Today’s positive report was by no means a given at this time last year, as HAR Chair Kenya Burrell-VanWormer with JPMorgan Chase noted. “The Houston housing market remains on track for another record year, which was an almost unimaginable concept when the year began, on the heels of so much devastation from Hurricane Harvey,” Burrell-VanWormer said in a statement. “As 2018 draws to a close, we see slow but steady growth in the supply of housing as well as a strong job market, which together make for a healthy real estate climate.”
Part of the increase is thanks to more homes being on the market; inventory just edged up from a 3.6-months supply a year earlier to 3.9 months this November. That’s still lower than the national average, however, which stands at a 4.3-months supply, according to the latest report from the National Association of Realtors.

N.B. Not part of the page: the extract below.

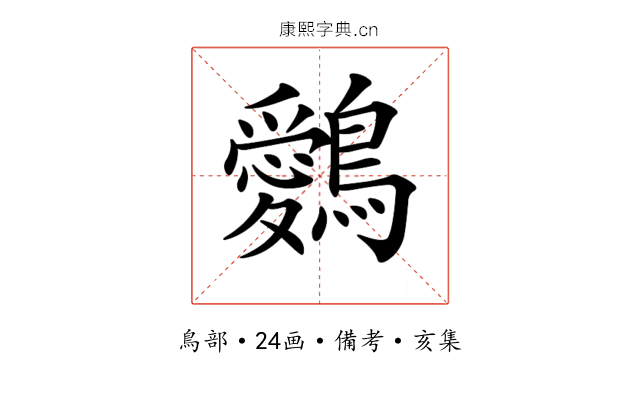 𪇈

But prices are on the rise too; November’s total dollar volume increased 3.9 percent to $2.1 billion. The median price of a single-family home increased 4.4 percent to $235,000, which the association noted as the highest ever for November. The one price segment that did not increase was for homes priced at $150,000 and below. At the other end of the market, homes priced at $750,000 and above increased the most, rising a whopping 12.3 percent.
As sales of single-family homes declined, so did those of townhomes and condominiums; November saw a drop of 2.8 percent in such sales. The median price for this segment increased 4.5 percent to $165,000. Inventory grew from a 3.7-months supply to 4.1 months.
Though sales did decline in November, the lease market in Houston was more active. According to HAR data, single-family home rentals soared 15.3 percent as rents edged down 1.3 percent to $1,743. Rentals of townhomes and condominiums rose a more modest 0.6 percent and rents bumped up 0.5 percent to $1,505.
Looking forward to the end of the year, HAR forecasts the market as being “on track to set new sales records when the books are closed on 2018.” Total active listings increased 8.9 percent this month to 40,530. Homes are also selling slightly faster this year, as days on market decreased from 62 last November to 60.